**Exercise brief**
Set down exactly the lines below, starting at the one that contains "Operasi Gabungan, Polres" and ending at the one that contains "2836 Blackhawk Rd Wilmette, IL 60091", with both of those lines included and nothing else.

Scraped caption text data:
----------------------------------------

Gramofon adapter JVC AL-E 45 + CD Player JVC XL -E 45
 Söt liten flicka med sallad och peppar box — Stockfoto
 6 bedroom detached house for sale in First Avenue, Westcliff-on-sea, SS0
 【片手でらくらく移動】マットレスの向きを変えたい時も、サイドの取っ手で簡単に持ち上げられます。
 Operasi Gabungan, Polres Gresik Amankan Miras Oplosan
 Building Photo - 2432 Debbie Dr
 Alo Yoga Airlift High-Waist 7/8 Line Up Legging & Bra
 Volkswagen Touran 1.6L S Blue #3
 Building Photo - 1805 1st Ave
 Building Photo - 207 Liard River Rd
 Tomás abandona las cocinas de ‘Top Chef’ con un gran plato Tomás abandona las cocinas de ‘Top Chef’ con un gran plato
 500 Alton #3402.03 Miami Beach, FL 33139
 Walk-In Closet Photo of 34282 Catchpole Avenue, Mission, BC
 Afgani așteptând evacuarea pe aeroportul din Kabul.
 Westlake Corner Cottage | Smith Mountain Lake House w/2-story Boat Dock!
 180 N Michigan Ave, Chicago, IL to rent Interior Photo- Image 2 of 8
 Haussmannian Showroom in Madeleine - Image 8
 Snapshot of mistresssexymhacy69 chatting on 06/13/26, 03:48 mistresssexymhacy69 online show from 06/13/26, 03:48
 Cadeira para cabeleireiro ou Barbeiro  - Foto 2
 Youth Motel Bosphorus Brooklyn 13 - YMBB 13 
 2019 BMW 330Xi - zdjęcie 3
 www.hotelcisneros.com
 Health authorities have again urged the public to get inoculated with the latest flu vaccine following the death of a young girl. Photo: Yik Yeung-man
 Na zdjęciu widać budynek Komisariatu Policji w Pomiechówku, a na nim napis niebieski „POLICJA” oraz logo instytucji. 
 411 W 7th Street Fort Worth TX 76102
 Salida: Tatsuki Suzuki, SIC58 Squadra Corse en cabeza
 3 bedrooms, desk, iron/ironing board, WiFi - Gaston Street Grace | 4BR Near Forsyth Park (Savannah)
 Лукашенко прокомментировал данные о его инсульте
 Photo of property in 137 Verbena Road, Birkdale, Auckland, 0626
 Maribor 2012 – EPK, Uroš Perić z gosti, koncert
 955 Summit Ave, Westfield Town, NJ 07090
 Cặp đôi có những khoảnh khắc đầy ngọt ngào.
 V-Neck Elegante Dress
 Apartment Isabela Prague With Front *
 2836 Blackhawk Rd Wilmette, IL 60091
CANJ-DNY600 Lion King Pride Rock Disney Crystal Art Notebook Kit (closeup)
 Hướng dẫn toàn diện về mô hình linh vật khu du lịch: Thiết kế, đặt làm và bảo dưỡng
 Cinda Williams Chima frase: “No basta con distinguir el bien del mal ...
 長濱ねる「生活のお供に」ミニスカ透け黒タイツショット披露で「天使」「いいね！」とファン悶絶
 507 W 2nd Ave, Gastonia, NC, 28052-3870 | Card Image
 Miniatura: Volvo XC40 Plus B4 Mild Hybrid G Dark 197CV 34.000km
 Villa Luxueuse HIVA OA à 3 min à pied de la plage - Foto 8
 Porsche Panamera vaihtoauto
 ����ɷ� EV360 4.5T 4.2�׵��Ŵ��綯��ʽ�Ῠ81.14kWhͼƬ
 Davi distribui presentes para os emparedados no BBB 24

----------------------------------------

**Expected answer**
 Operasi Gabungan, Polres Gresik Amankan Miras Oplosan
 Building Photo - 2432 Debbie Dr
 Alo Yoga Airlift High-Waist 7/8 Line Up Legging & Bra
 Volkswagen Touran 1.6L S Blue #3
 Building Photo - 1805 1st Ave
 Building Photo - 207 Liard River Rd
 Tomás abandona las cocinas de ‘Top Chef’ con un gran plato Tomás abandona las cocinas de ‘Top Chef’ con un gran plato
 500 Alton #3402.03 Miami Beach, FL 33139
 Walk-In Closet Photo of 34282 Catchpole Avenue, Mission, BC
 Afgani așteptând evacuarea pe aeroportul din Kabul.
 Westlake Corner Cottage | Smith Mountain Lake House w/2-story Boat Dock!
 180 N Michigan Ave, Chicago, IL to rent Interior Photo- Image 2 of 8
 Haussmannian Showroom in Madeleine - Image 8
 Snapshot of mistresssexymhacy69 chatting on 06/13/26, 03:48 mistresssexymhacy69 online show from 06/13/26, 03:48
 Cadeira para cabeleireiro ou Barbeiro  - Foto 2
 Youth Motel Bosphorus Brooklyn 13 - YMBB 13 
 2019 BMW 330Xi - zdjęcie 3
 www.hotelcisneros.com
 Health authorities have again urged the public to get inoculated with the latest flu vaccine following the death of a young girl. Photo: Yik Yeung-man
 Na zdjęciu widać budynek Komisariatu Policji w Pomiechówku, a na nim napis niebieski „POLICJA” oraz logo instytucji. 
 411 W 7th Street Fort Worth TX 76102
 Salida: Tatsuki Suzuki, SIC58 Squadra Corse en cabeza
 3 bedrooms, desk, iron/ironing board, WiFi - Gaston Street Grace | 4BR Near Forsyth Park (Savannah)
 Лукашенко прокомментировал данные о его инсульте
 Photo of property in 137 Verbena Road, Birkdale, Auckland, 0626
 Maribor 2012 – EPK, Uroš Perić z gosti, koncert
 955 Summit Ave, Westfield Town, NJ 07090
 Cặp đôi có những khoảnh khắc đầy ngọt ngào.
 V-Neck Elegante Dress
 Apartment Isabela Prague With Front *
 2836 Blackhawk Rd Wilmette, IL 60091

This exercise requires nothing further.